Disclosure of Invention
In view of the defects of the prior art, the invention provides a preparation method of an impact-resistant low-whitening instant adhesive, which aims to solve the technical problems that the traditional instant adhesive is poor in impact resistance and easy to generate a whitening phenomenon, and thus the using effect of the instant adhesive is improved.

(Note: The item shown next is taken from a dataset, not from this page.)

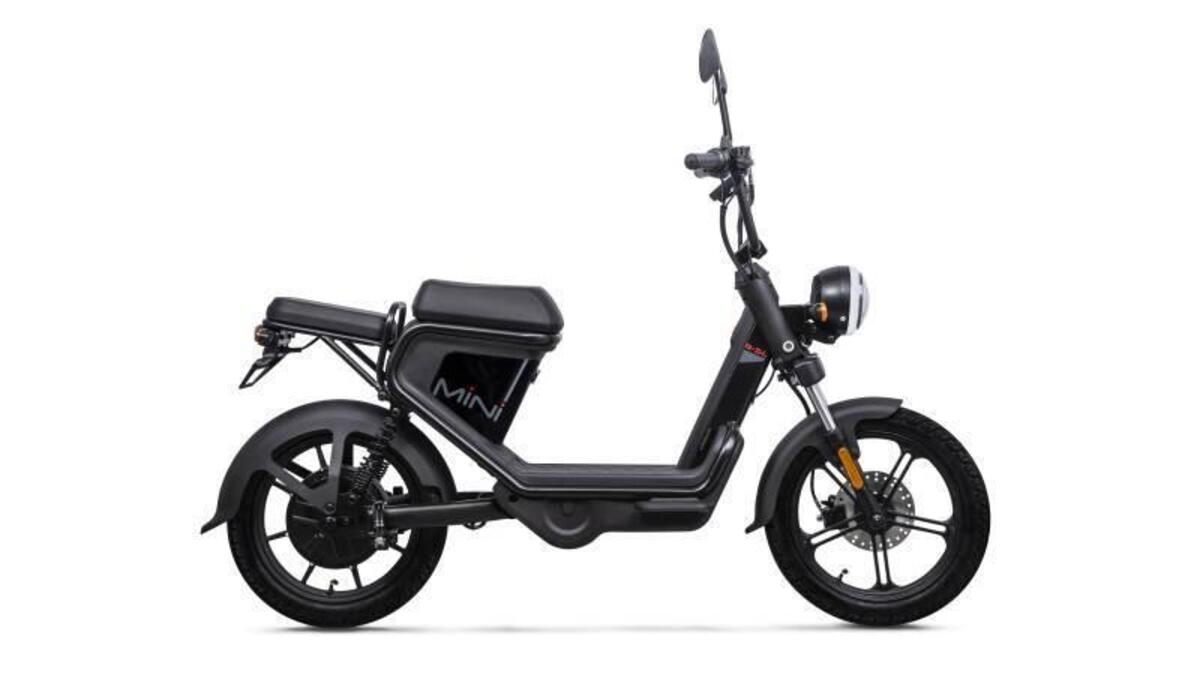 Vendo EZI Mini MS (2023 24) nuova a Cecina (codice 9106423) Moto.it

In order to achieve the above purposes, the technical scheme adopted by the invention is as follows:
a preparation method of an impact-resistant low-whitening instant adhesive comprises the following steps:
s1: preparation of butadiene/acrylate copolymer modified alpha-ethyl cyanoacrylate prepolymer: adding a functional monomer mainly containing alpha-ethyl cyanoacrylate and a solvent into a reaction kettle, introducing butadiene gas for polymerization reaction under the protection of inert atmosphere, introducing sulfonic monomers for copolymerization, slowly dropwise adding acrylate monomers in the solvent for polymerization in the reaction process, and adding a polymerization inhibitor to terminate the reaction after dropwise adding is finished to prepare a butadiene/acrylate copolymer modified alpha-ethyl cyanoacrylate prepolymer;
s2: purifying the butadiene/acrylate copolymer modified alpha-ethyl cyanoacrylate prepolymer: removing high-boiling-point organic compounds contained in the butadiene/acrylate copolymer modified alpha-ethyl cyanoacrylate prepolymer prepared in the step S1 and unreacted monomers, solvents and other small molecular substances contained in the butadiene/acrylate copolymer modified alpha-ethyl cyanoacrylate prepolymer by a reduced pressure distillation mode, performing precipitation separation in acetone, introducing supercritical carbon dioxide, and slowly releasing pressure to separate out residual unreacted monomers and other organic small molecular substances to obtain the purified butadiene/acrylate copolymer modified alpha-ethyl cyanoacrylate prepolymer;
step S2, the prepolymer and the low molecular compound are effectively separated by reduced pressure distillation, precipitation separation and supercritical separation to obtain a purified prepolymer, thereby reducing the phenomenon that the instant adhesive is aggravated by low molecular organic matters which do not participate in the reaction but are easy to volatilize in the instant adhesive;
s3: preparing the instant adhesive: and (4) uniformly stirring and mixing the butadiene/acrylate copolymer modified alpha-ethyl cyanoacrylate prepolymer obtained in the step (S2) and alpha-n-butyl cyanoacrylate to obtain the impact-resistant low-whitening instant adhesive.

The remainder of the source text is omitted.